(Problem to work on):
Lines to return, exactly: from the line with "Obraz premium View" to the line with "Denim-Kleid mit verstellbaren TrÃ¤gern" in the entries below, both included.

(Records provided):
%%

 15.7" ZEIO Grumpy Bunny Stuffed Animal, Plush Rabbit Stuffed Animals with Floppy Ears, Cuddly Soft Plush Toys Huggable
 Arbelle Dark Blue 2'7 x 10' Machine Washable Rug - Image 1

%%
%%

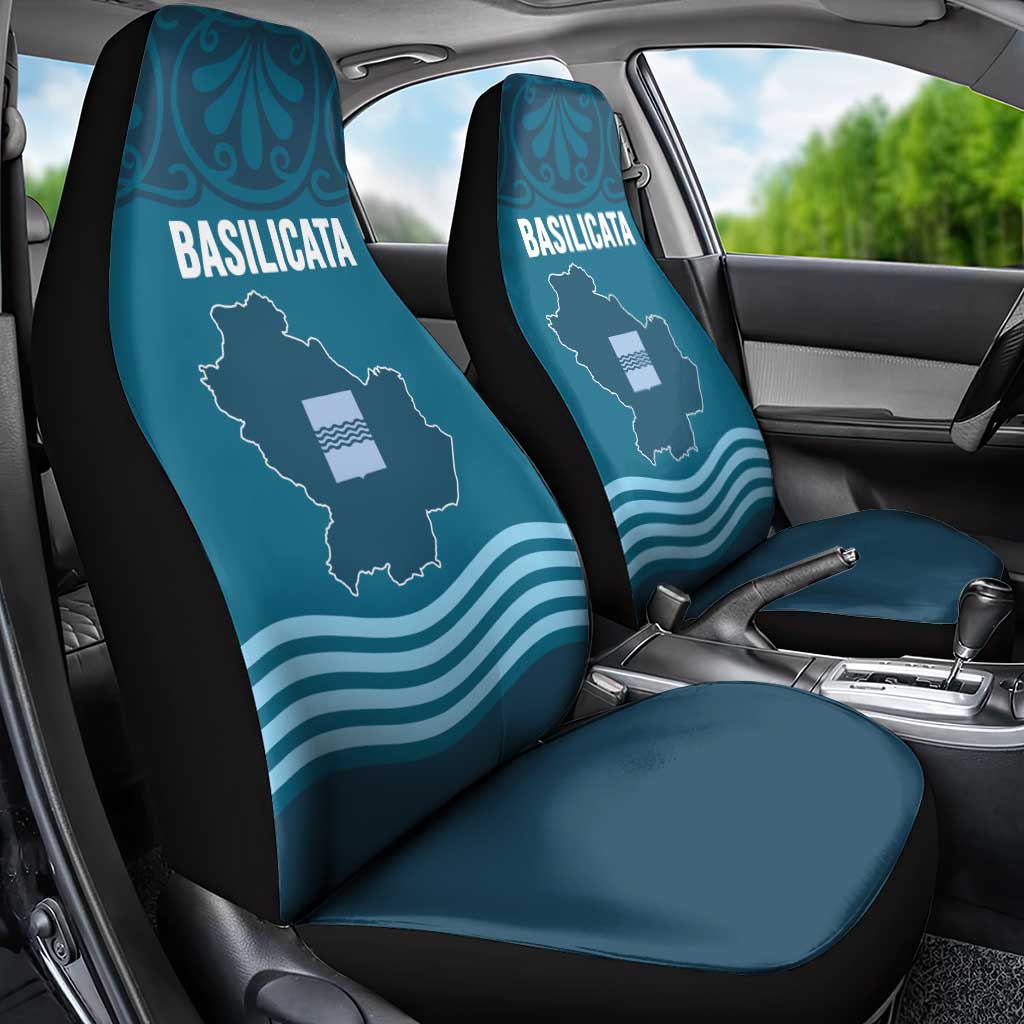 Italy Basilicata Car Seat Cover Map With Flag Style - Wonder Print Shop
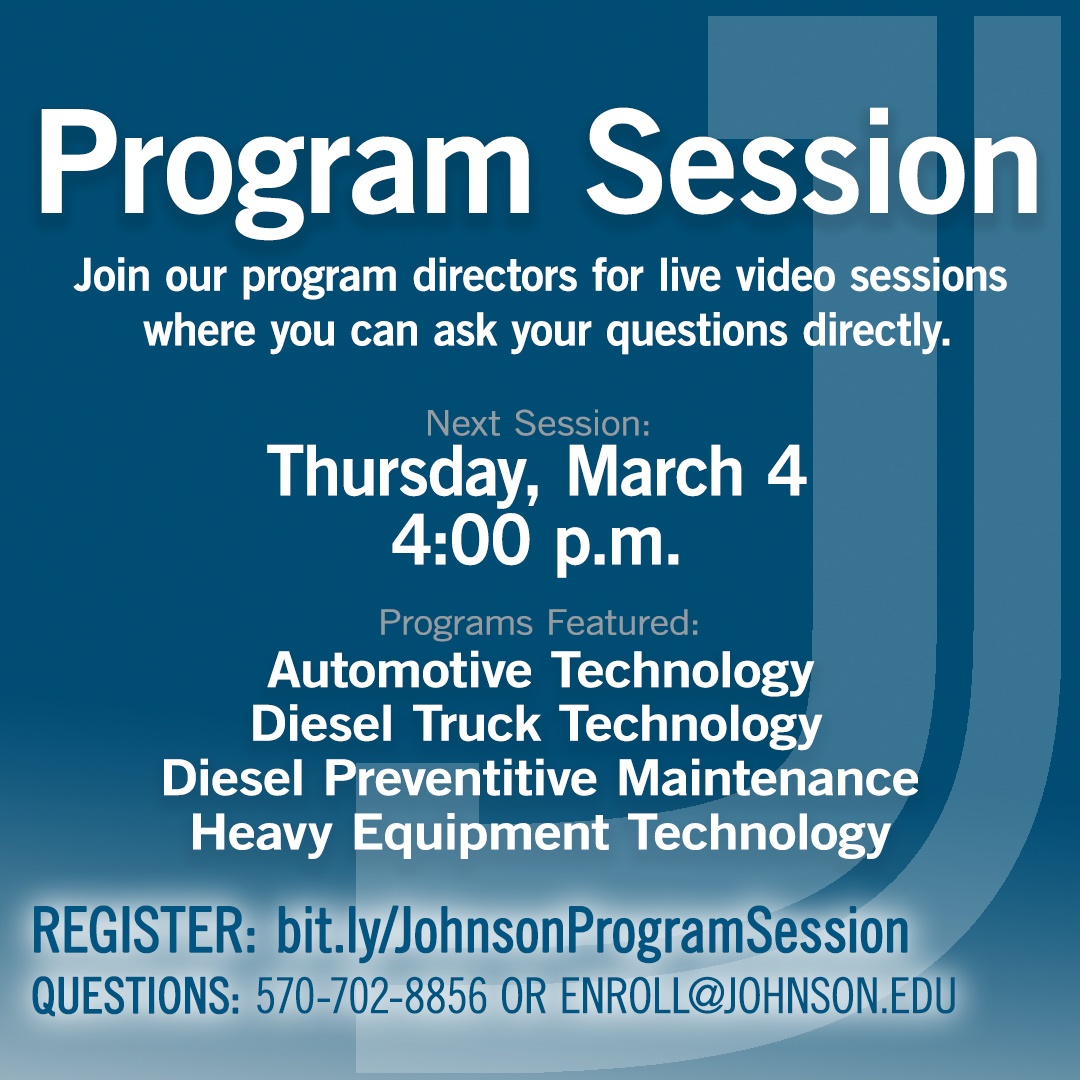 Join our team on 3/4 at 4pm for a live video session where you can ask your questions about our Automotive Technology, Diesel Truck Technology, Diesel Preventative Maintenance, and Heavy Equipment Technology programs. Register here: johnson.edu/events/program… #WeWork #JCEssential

%%
%%

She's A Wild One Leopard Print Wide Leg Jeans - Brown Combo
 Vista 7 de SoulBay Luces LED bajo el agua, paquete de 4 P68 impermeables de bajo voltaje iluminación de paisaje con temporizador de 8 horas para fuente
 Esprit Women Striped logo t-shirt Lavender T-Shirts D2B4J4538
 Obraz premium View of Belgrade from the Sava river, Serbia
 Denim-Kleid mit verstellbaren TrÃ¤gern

%%

(Response area):
 Obraz premium View of Belgrade from the Sava river, Serbia
 Denim-Kleid mit verstellbaren TrÃ¤gern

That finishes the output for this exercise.